Once we have estimated arrivals, we can combine with other operational metrics such as length of stay to build a Monte Carlo4 model that will simulate future needs. We’ll again skip the specific math for this article, but you can model how often the “Nth” room in the department is needed. If built appropriately, this alternative would even allow us to use the recent internal occupancy data as a validation set, increasing confidence in the model. With knowledge of how often each room will be used, our team can use financial metrics and determine that either (a) the department can get by just fine with only the 30 existing high-quality rooms, (b) it absolutely needs to upgrade for a total of 40 (or more) to serve the community, or (c) something in between. Some cost and revenue estimates, requiring additional data, can help to decide whether an investment is appropriate.
Ultimately, we believe in the value of data and analytics to drive strategic decision-making, but recognize that value comes only from high-quality data and good analytics. To give yourself the best chance of success, you first have to ensure that your data collection is consistent, accurate, reliable, and meaningful. Having achieved that, don’t just ask a preformed question—make sure you understand what information the data can tell you. With that information in hand, when faced with critical strategic business problems, you can develop key insights to guide your decisions.

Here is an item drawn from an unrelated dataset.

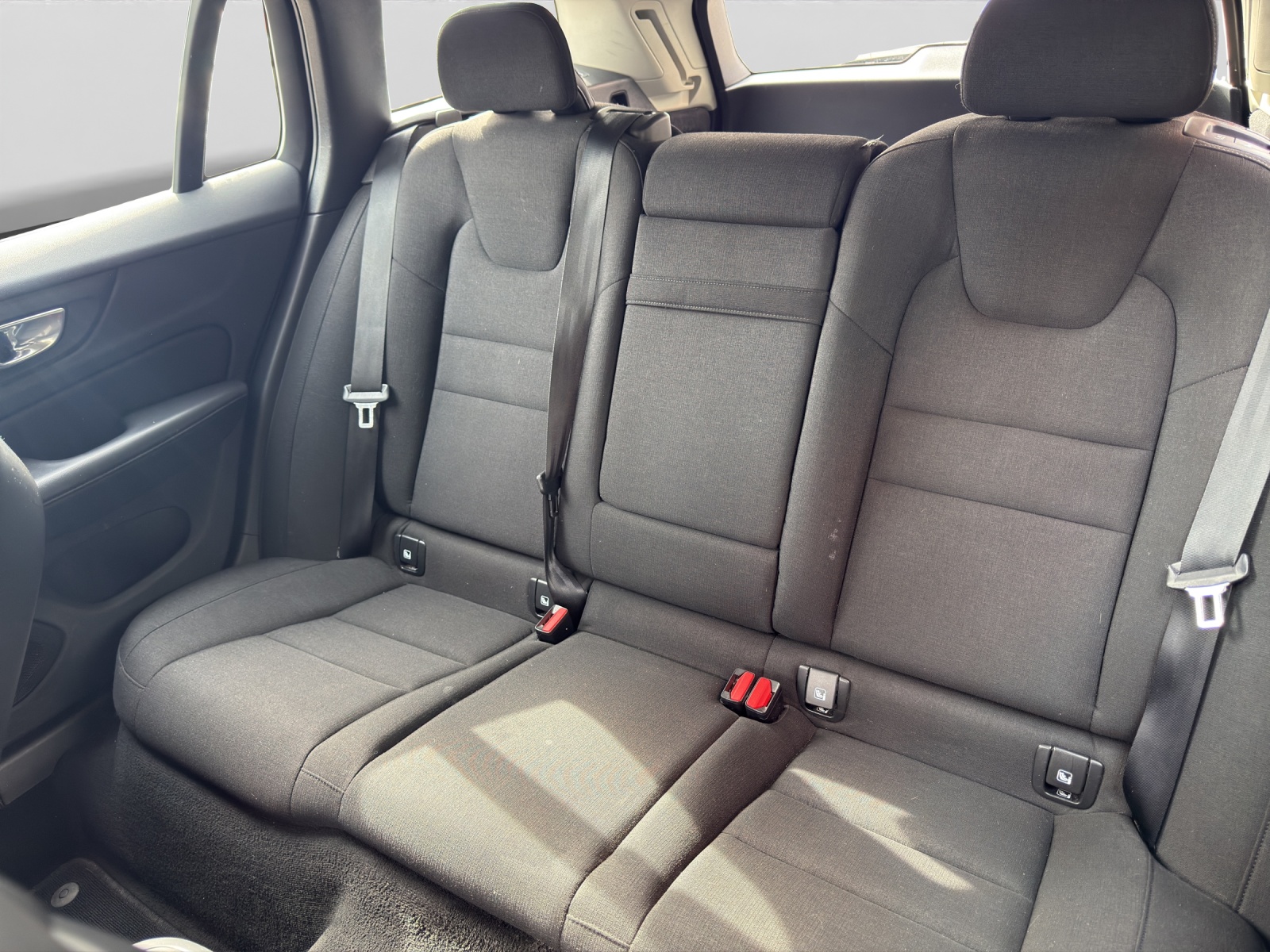 VOLVO V60 B3 Benzin Mild Hybrid Momentum Light Geartronic-image-9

All of these steps are not single-use processes, nor are they limited to individual departments. The more they are adopted at all levels of your organization, the better. Quality data and analytics will support continuous improvement and better decisions. And with these practices in place, when conditions change (whether it’s sudden and dramatic during a pandemic or more mundane), you’ll be more prepared to respond appropriately and maximize your chance of success.